You might be wondering whether you have to describe every pod to ensure it has proper resource constraints in place. While you could do that, it’s not exactly scalable. You could, of course, ingest Kubernetes log data into Prometheus and report on it accordingly. Alternatively, if you have Falco already installed in your Kubernetes cluster, you could apply the below Falco rule to detect instances where a pod is successfully deployed without resource constraints.

- rule: Create Pod Without Resource Limits
  desc: Detect pod created without defined CPU and memory limits
  condition: kevt and pod and kcreate 
             and not ka.target.subresource in (resourcelimits)
  output: Pod started without CPU or memory limits (user=%ka.user.name pod=%ka.resp.name resource=%ka.target.resource ns=%ka.target.namespace images=%ka.req.pod.containers.image)
  priority: WARNING
  source: k8s_audit
  tags: [k8s, resource_limits]

- list: resourcelimits
  items: ["limits"]

Please note: Depending on how your Kubernetes workloads are set up, this rule might generate some False/Positive alert detections for legitimate pods that are intentionally deployed without resource limits. In these cases, you may still need to fine-tune this rule or implement some exceptions in order to minimize those false positives. However, implementing such a rule can significantly enhance your monitoring capabilities, ensuring that best practices for resource allocation in Kubernetes are adhered to.

Sysdig’s commitment to open source

The lack of enforced resource constraints in Kubernetes in numerous organizations underscores a critical gap in current security frameworks, highlighting the urgent need for increased awareness. In response, we contributed our findings to the OWASP Top 10 framework for Kubernetes, addressing what was undeniably an example of insecure workload configuration. Our contribution, recognized for its value, was duly incorporated into the framework. Leveraging the inherently open source nature of the OWASP framework, we submitted a Pull Request (PR) on GitHub, proposing this novel enhancement. This act of contributing to established security awareness frameworks not only bolsters cloud-native security but also enhances its transparency, marking a pivotal step towards a more secure and aware cloud-native ecosystem.

Bridging Security and Scalability

The perceived complexity of maintaining, monitoring, and modifying resource constraints can often deter organizations from implementing these critical security measures. Given the dynamic nature of development environments, where application needs can fluctuate based on demand, feature rollouts, and scalability requirements, it’s understandable why teams might view resource limits as a potential barrier to agility. However, this perspective overlooks the inherent flexibility of Kubernetes’ resource management capabilities, and more importantly, the critical role of cross-functional communication in optimizing these settings for both security and performance.

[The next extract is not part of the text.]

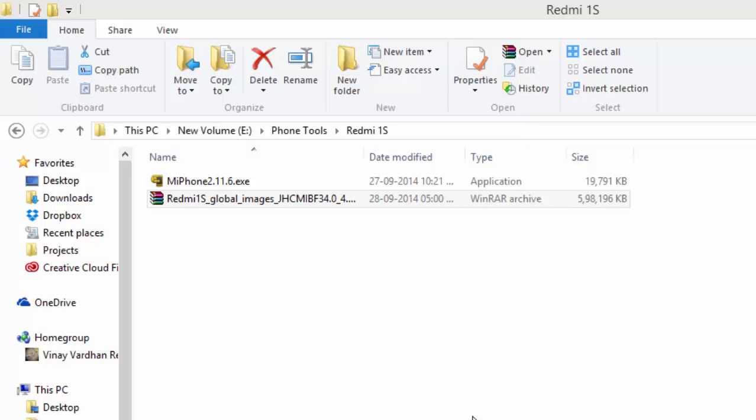Hello guys, today I am going to demonstrate to you how to flash fastboot ROM for Indian version of Redmi 1S.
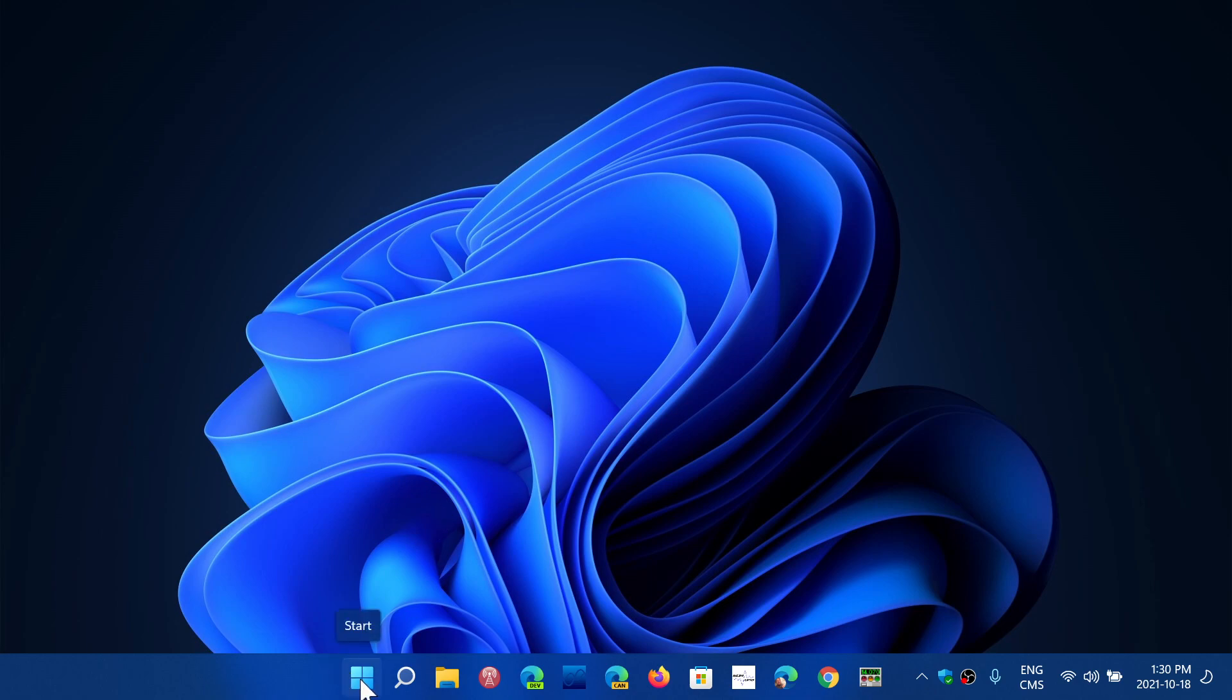The taskbar, like I said, cannot be moved. And yes, a lot of people are annoyed at one simple thing: when you right-click the taskbar on Windows 10, there's all these menus, including a way to go to the task manager.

The art of flexible constraints

Kubernetes offers a sophisticated model for managing resource constraints that does not inherently stifle application growth or operational flexibility. Through the use of requests and limits, Kubernetes allows for the specification of minimum resources guaranteed for a container (requests) and a maximum cap (limits) that a container cannot exceed. This model provides a framework within which applications can operate efficiently, scaling within predefined bounds that ensure security without compromising on performance.

The key to leveraging this model effectively lies in adopting a continuous evaluation and adjustment approach. Regularly reviewing resource utilization metrics can provide valuable insights into how applications are performing against their allocated resources, identifying opportunities to adjust constraints to better align with actual needs. This iterative process ensures that resource limits remain relevant, supportive of application demands, and protective against security vulnerabilities.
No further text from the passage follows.